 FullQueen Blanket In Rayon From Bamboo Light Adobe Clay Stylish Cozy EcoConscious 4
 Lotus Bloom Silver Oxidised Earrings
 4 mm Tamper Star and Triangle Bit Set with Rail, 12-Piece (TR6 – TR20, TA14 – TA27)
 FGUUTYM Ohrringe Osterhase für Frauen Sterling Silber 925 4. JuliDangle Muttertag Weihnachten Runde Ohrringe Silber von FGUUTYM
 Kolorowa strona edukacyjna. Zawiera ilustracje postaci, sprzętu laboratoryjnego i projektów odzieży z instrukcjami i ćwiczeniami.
========
From the listing above, reproduce all the lines exactly.

 FullQueen Blanket In Rayon From Bamboo Light Adobe Clay Stylish Cozy EcoConscious 4
 Lotus Bloom Silver Oxidised Earrings
 4 mm Tamper Star and Triangle Bit Set with Rail, 12-Piece (TR6 – TR20, TA14 – TA27)
 FGUUTYM Ohrringe Osterhase für Frauen Sterling Silber 925 4. JuliDangle Muttertag Weihnachten Runde Ohrringe Silber von FGUUTYM
 Kolorowa strona edukacyjna. Zawiera ilustracje postaci, sprzętu laboratoryjnego i projektów odzieży z instrukcjami i ćwiczeniami.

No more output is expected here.